Provided data:
*** Block opens ***

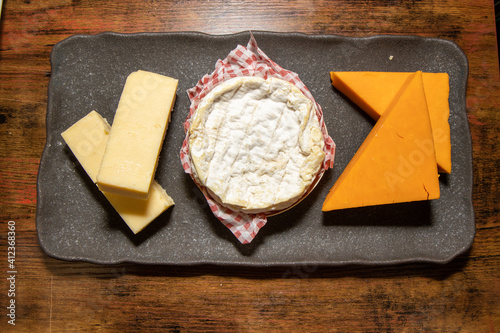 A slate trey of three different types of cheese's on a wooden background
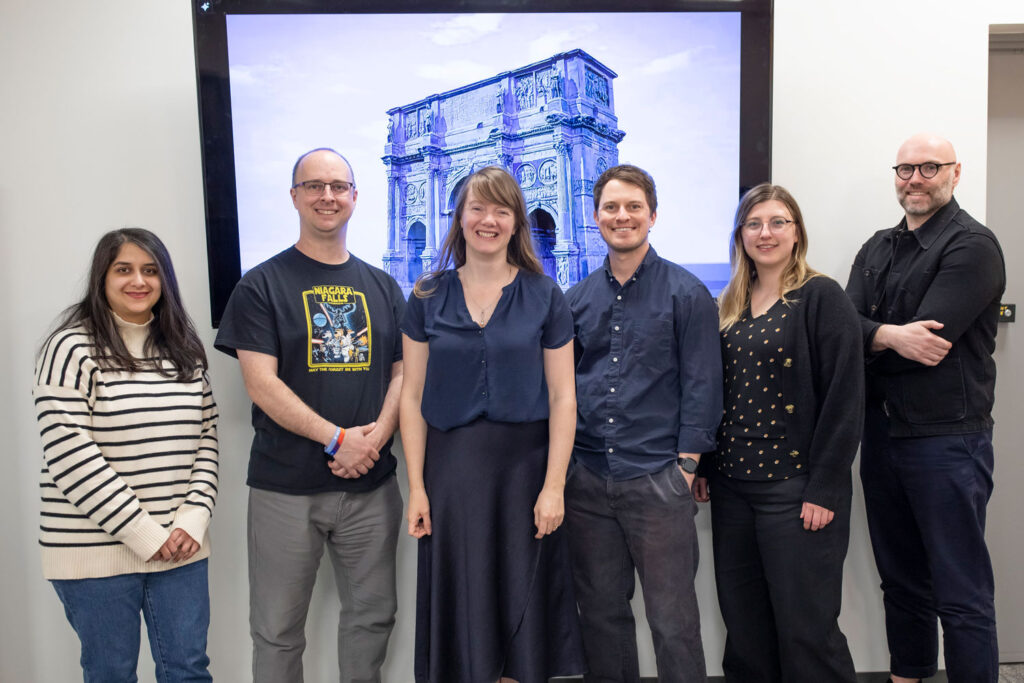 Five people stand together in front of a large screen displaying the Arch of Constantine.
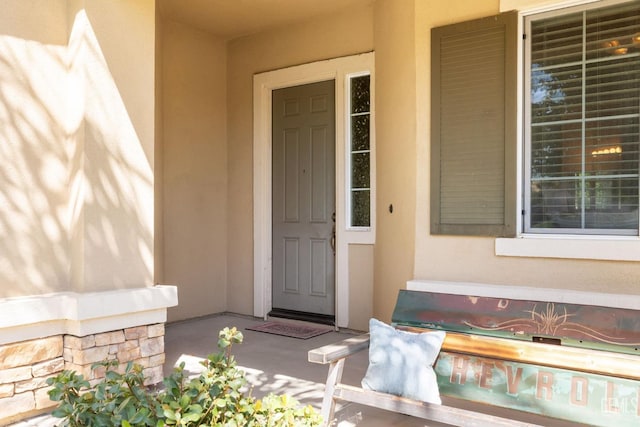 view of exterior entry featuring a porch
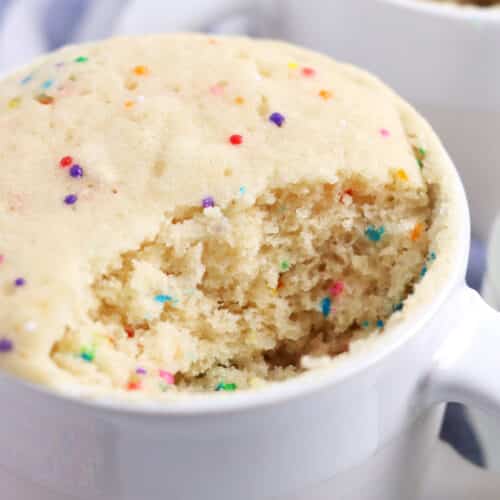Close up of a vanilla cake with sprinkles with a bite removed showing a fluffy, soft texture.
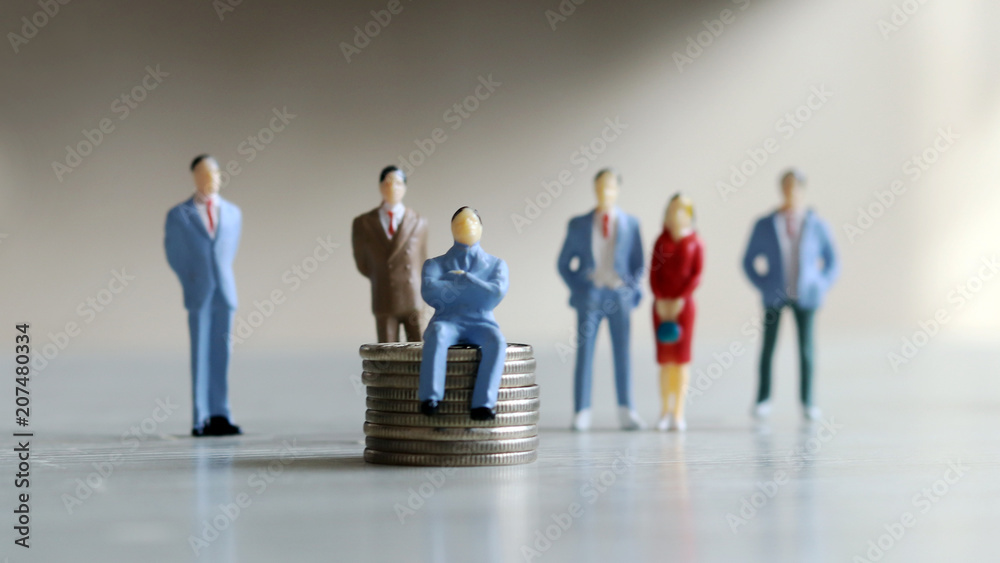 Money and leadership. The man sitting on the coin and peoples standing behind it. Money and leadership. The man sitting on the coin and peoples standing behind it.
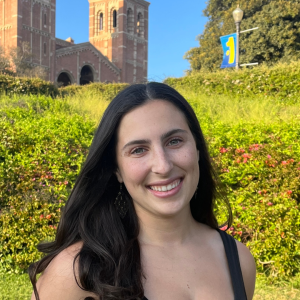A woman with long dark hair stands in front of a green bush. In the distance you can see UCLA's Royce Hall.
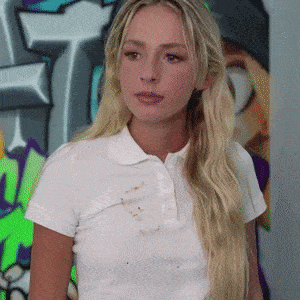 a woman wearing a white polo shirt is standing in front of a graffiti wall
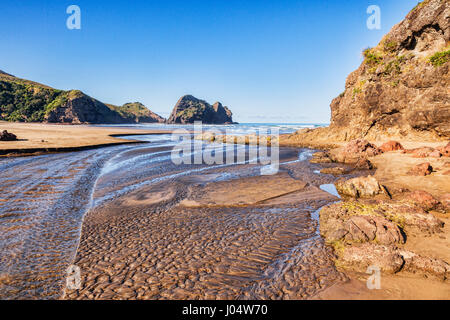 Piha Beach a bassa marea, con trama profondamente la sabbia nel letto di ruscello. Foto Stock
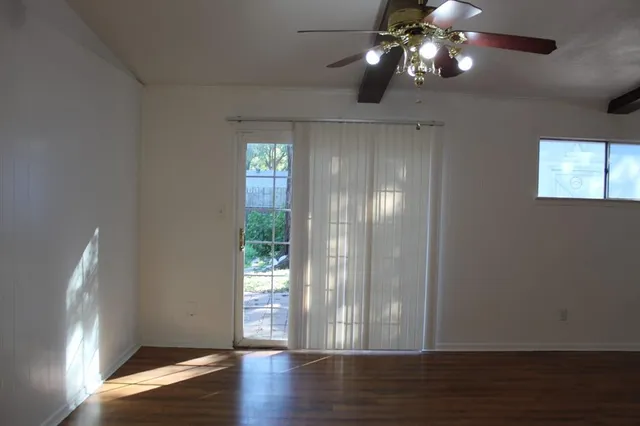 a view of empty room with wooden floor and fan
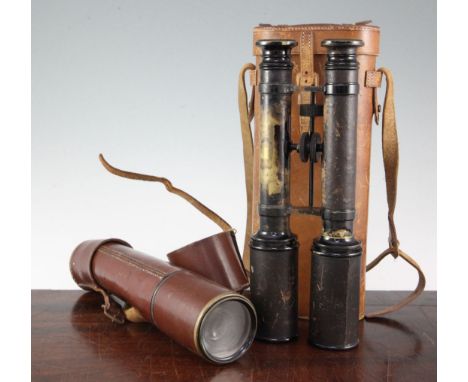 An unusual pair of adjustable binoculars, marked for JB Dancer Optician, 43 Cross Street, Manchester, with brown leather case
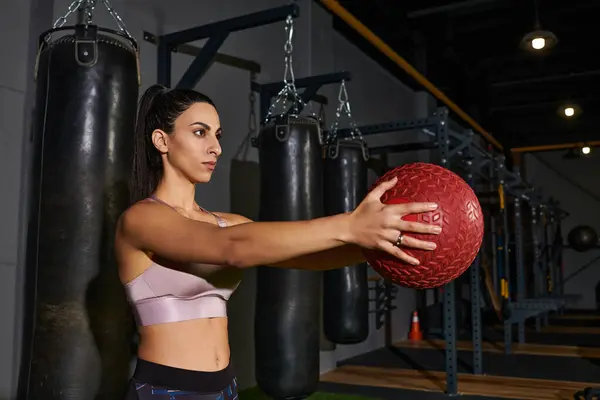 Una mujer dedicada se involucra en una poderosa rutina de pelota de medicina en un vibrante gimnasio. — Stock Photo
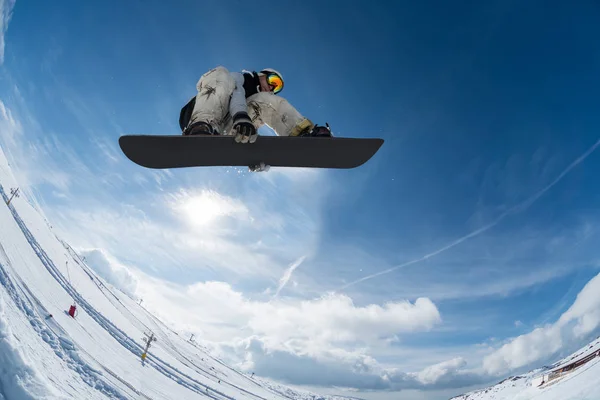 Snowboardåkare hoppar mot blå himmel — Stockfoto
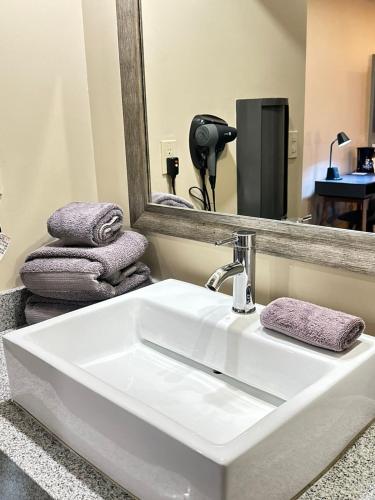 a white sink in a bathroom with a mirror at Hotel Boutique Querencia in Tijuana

*** Block closes ***

Instructions to follow:
Could you write out, word for word, the lines from the one containing "Snowboardåkare hoppar mot" through the last line of the records, leaving out the pictures?

Exercise result:
 Snowboardåkare hoppar mot blå himmel — Stockfoto
 a white sink in a bathroom with a mirror at Hotel Boutique Querencia in Tijuana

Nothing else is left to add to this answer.